- TASK DETAILS
Drop every picture and copy exactly the lines from the one with "Desktop Screenshot of nempro.net" through the last line of the listing below.
====== GIVEN MATERIAL
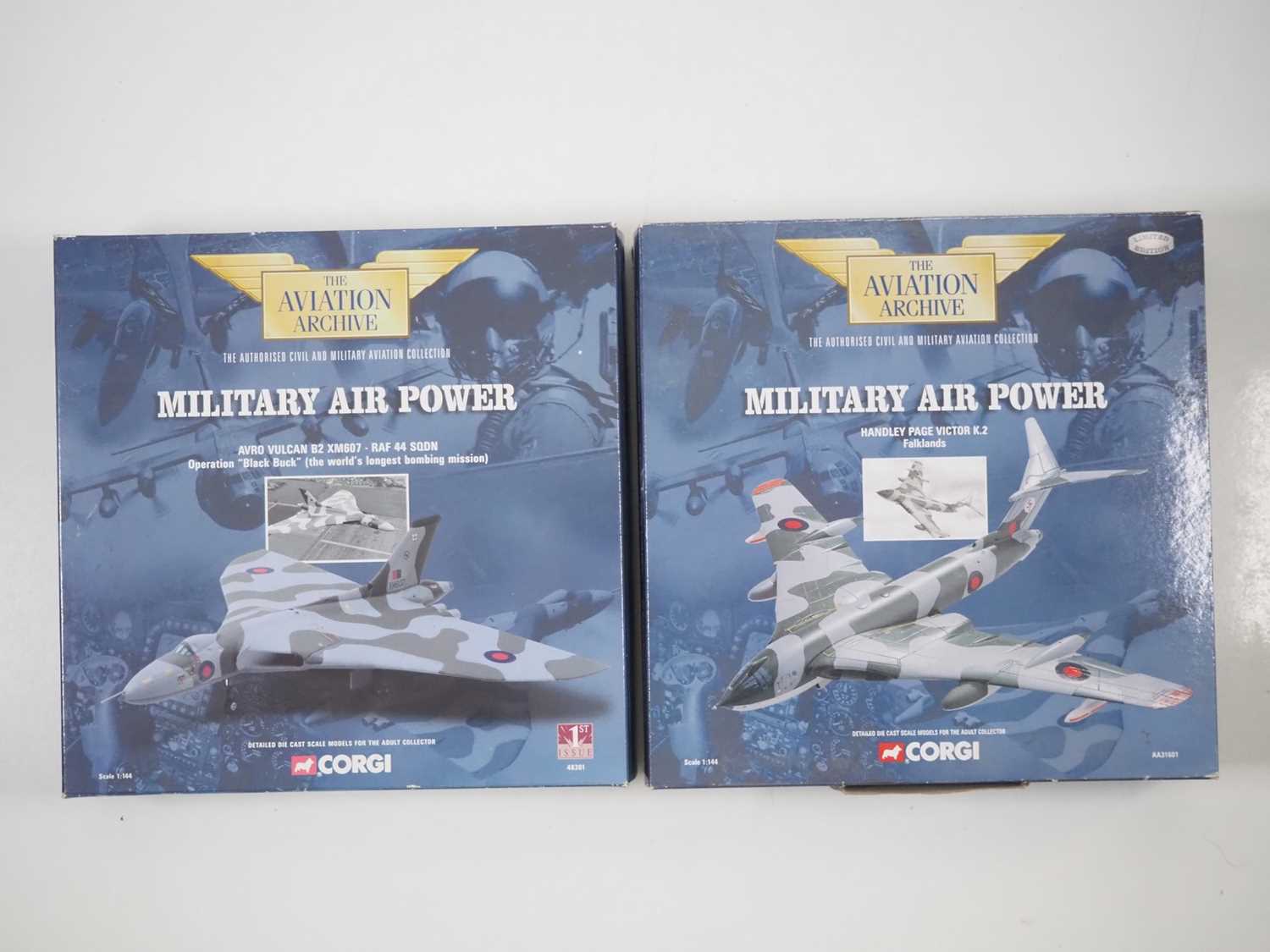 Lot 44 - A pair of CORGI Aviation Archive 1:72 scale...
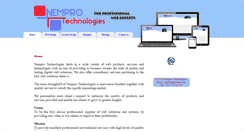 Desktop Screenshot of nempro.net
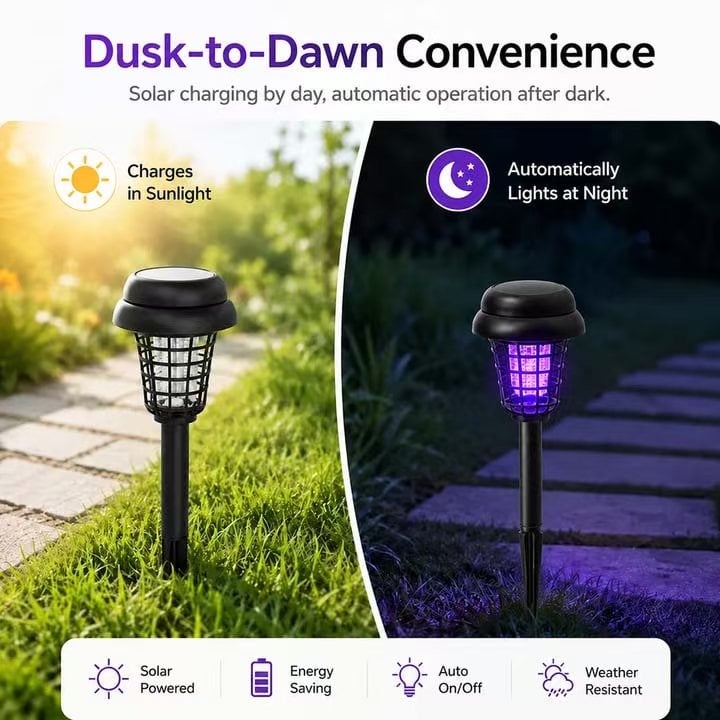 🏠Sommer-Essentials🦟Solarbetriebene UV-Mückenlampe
============
- WRITTEN RESPONSE
 Desktop Screenshot of nempro.net
 🏠Sommer-Essentials🦟Solarbetriebene UV-Mückenlampe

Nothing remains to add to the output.